Me dirijo a ver y me quedo inmóvil. De pronto, me llaman al teléfono.
—¿Llegaste? —es mi padre—, nosotros tardamos —silencio—. ¿Hola?
—Ha vuelto... —susurro al fin.
—¿Qué?
—La puerta del pasillo...
—¿Cómo? —comenta intranquilo.
—La que quitasteis porque me aterrorizaba, ha vuelto...
—Esto... —calla unos tensos segundos y entonces lo dice—: Nunca la hemos quitado... —sus palabras se quedan resonando con la efervescencia de mis antiguos temores.
—¡¿Qué...?! —grito y el intermitente pitido de una llamada cortada me contesta.
Corro a la salida, pero su puerta está atrancada. Entonces, siento una presencia gélida que me retuerce los huesos. Me escondo en el lavabo mientras comienzan a aflorar los temores que nunca me abandonaron. Porque el miedo no es una parte de nosotros que no sabemos dominar, sino algo ajeno que quedó enquistado.
Me miro al espejo. Este escupe la imagen de una cara desencajada con unos ojos que casi no caben en sus órbitas y temen salir rodando entre sudor y escalofríos. El recuerdo del monstruo vuelve a mis retinas como si lo tuviera delante.
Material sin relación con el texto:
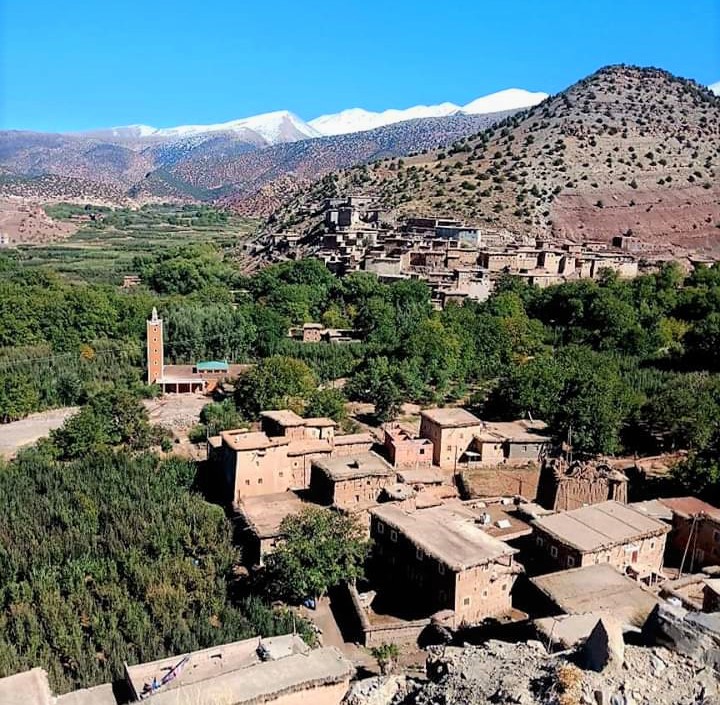A sight of greenery, snow, mountains and desert lands from the top near atlas mountains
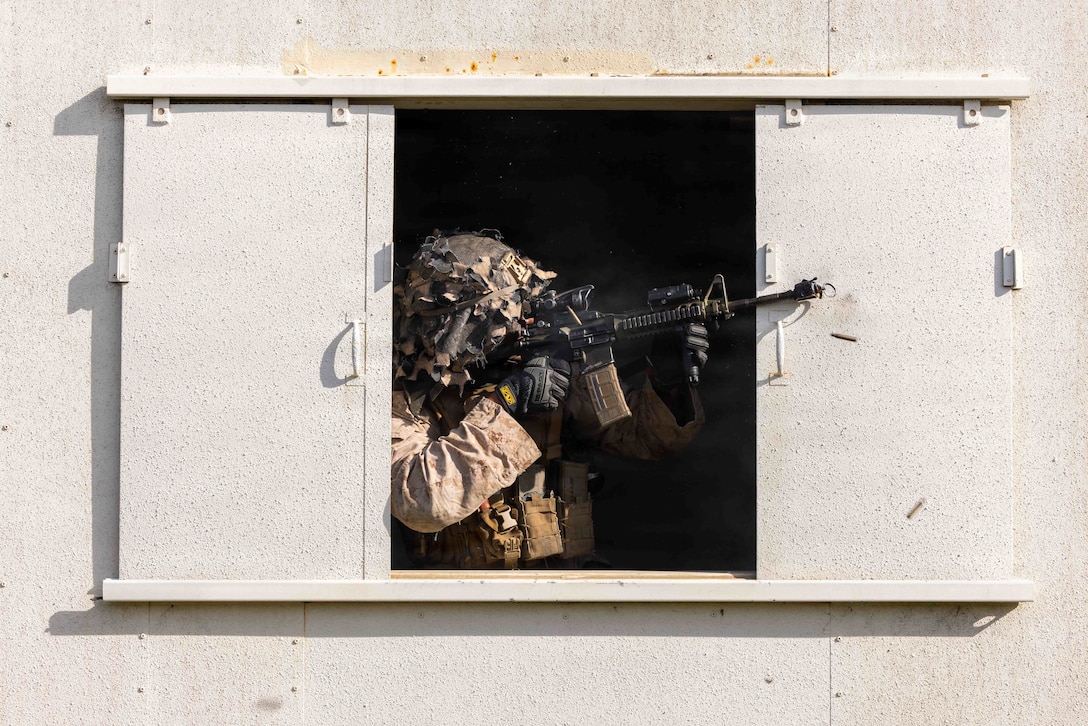 Ammo falls as a Marine in tactical gear fires a weapon out of a window.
Sin embargo, me asalta una obviedad: ahora no soy un renacuajo indefenso, sino una persona adulta con mayor fuerza de defensa.
Desenrosco el cabezal de la fregona que solemos guardar en el lavabo, agarro el palo, trago saliva y voy hacia la puerta luminosa. Para mi sorpresa, cuando me tiene delante, esta se abre dejando entrar una pestilencia helada. La atravieso y aparezco en un pasillo como el de mi casa, pero construido con una simetría espejada. La supuesta luz sale de una habitación a mi izquierda. Avanzo y me detengo en su umbral con el palo en alto. Entonces lo veo: un niño en una cama, mirándome con unos ojos fríos donde se refleja la luz de una lamparilla de noche azulada con estrellitas purpúreas.